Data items
:::::

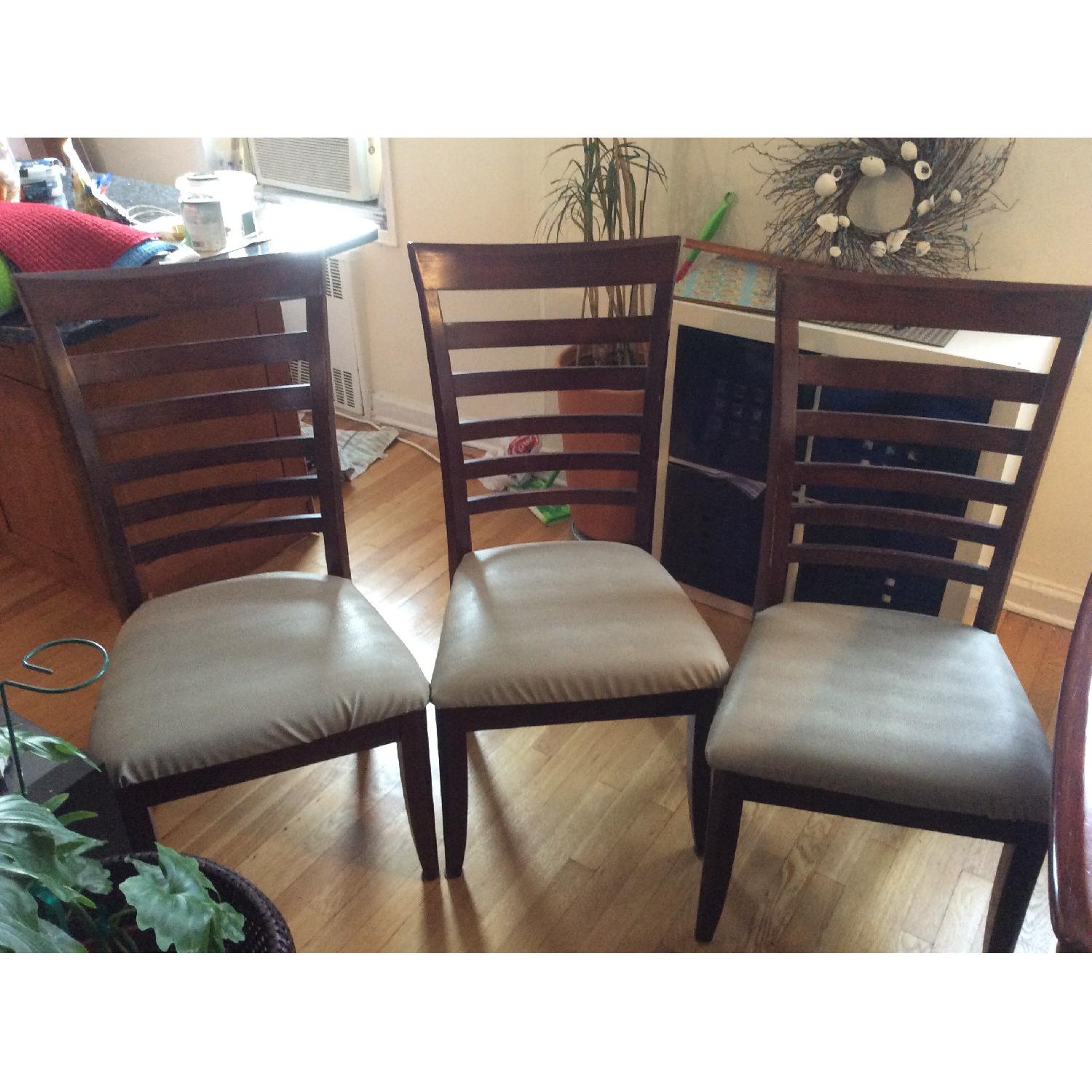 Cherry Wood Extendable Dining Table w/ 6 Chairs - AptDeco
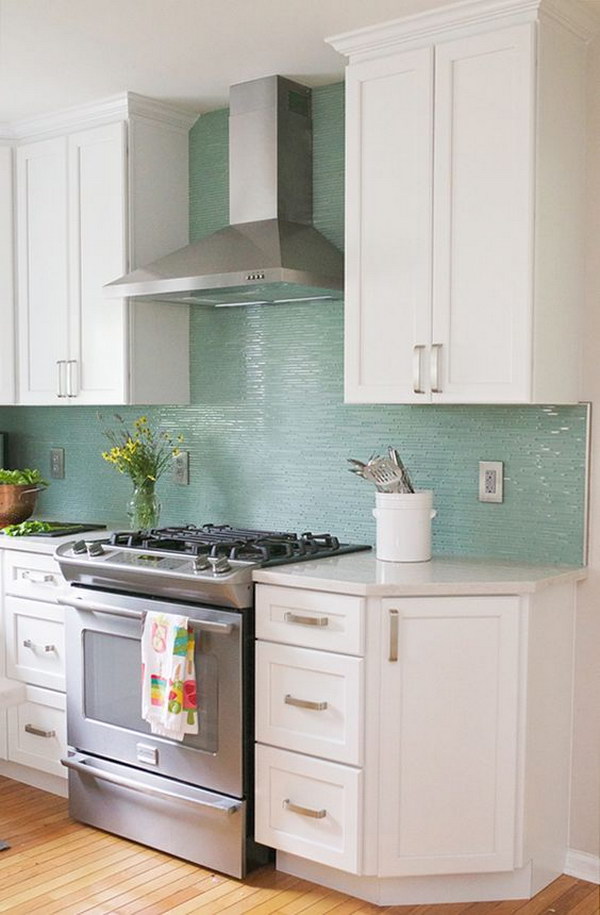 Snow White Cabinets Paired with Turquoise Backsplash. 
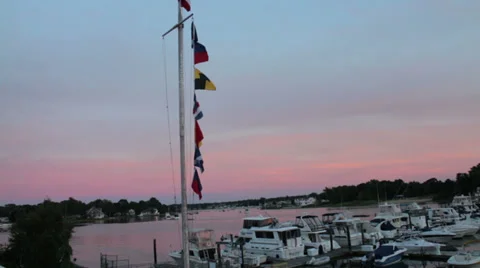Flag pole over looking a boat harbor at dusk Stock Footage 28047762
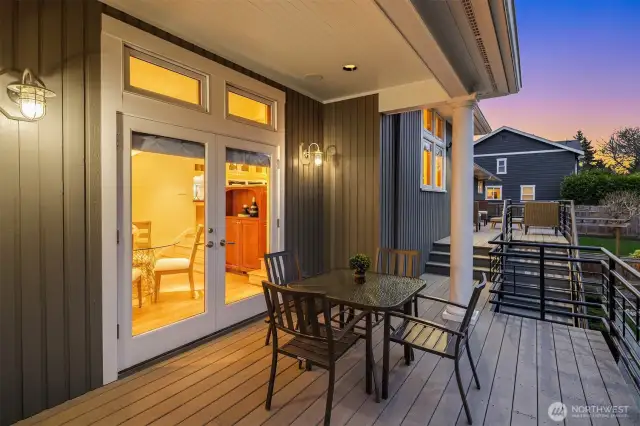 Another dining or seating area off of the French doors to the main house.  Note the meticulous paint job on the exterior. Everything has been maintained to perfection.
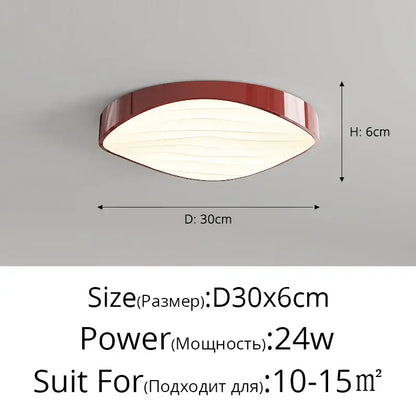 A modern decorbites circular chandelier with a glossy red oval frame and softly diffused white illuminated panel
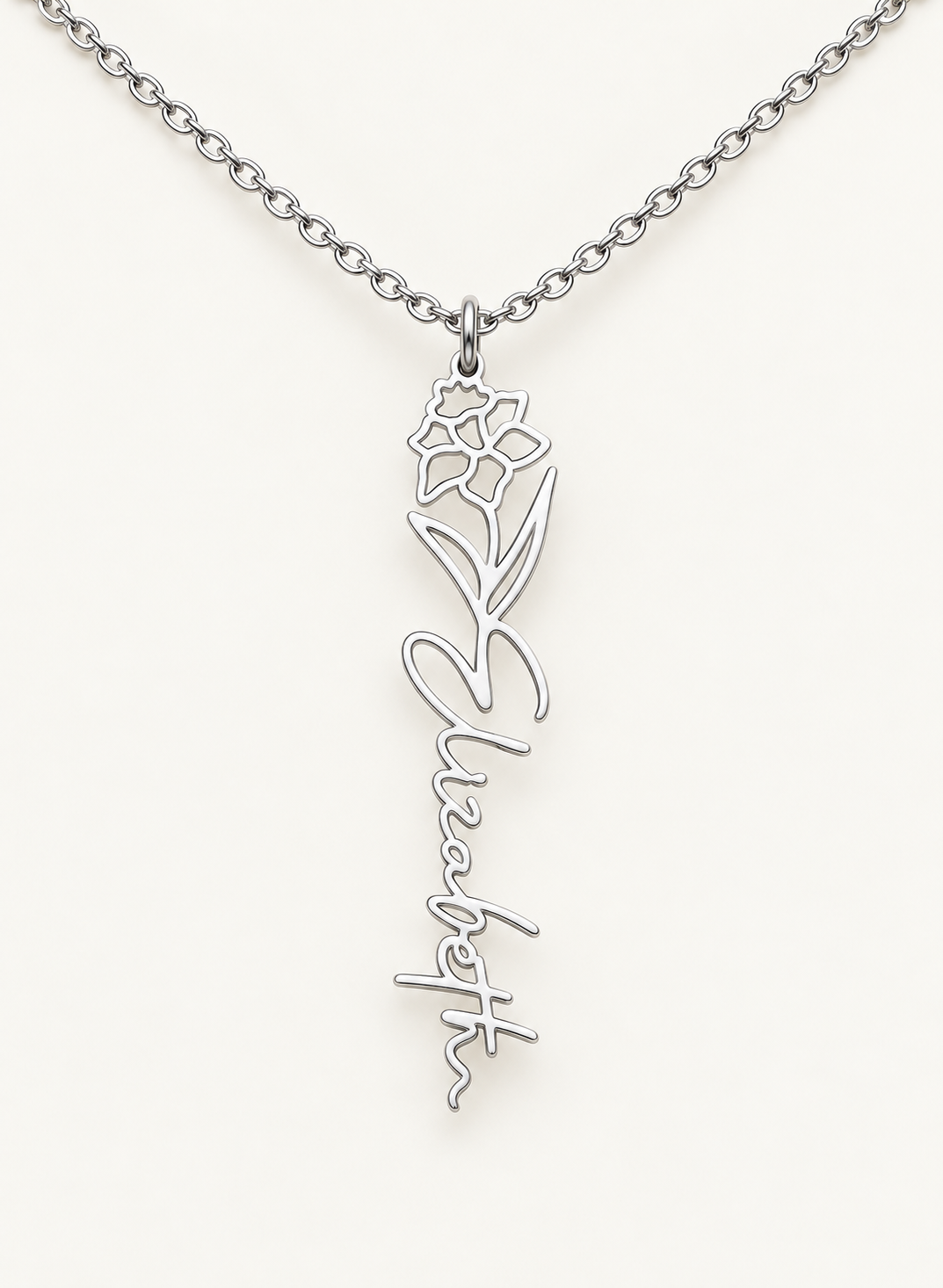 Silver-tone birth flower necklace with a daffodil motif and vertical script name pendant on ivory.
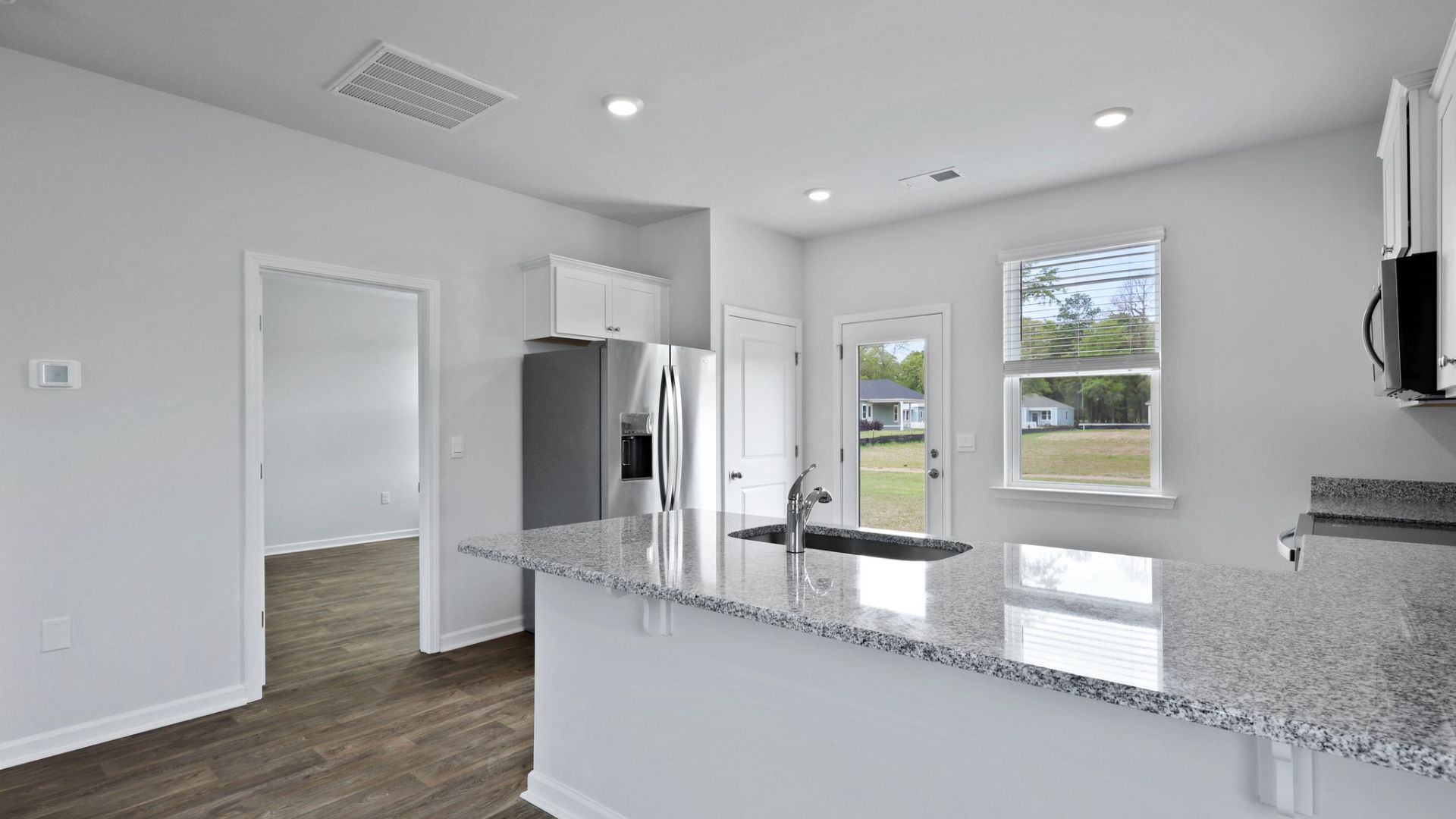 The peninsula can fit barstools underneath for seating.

:::::

AIM OF THE EXERCISE. Retype the lines starting with the one that holds "Snow White Cabinets" and ending with the last line of the data above, both included; skip the pictures.

EXERCISE ANSWER.
 Snow White Cabinets Paired with Turquoise Backsplash. 
Flag pole over looking a boat harbor at dusk Stock Footage 28047762
 Another dining or seating area off of the French doors to the main house.  Note the meticulous paint job on the exterior. Everything has been maintained to perfection.
 A modern decorbites circular chandelier with a glossy red oval frame and softly diffused white illuminated panel
 Silver-tone birth flower necklace with a daffodil motif and vertical script name pendant on ivory.
 The peninsula can fit barstools underneath for seating.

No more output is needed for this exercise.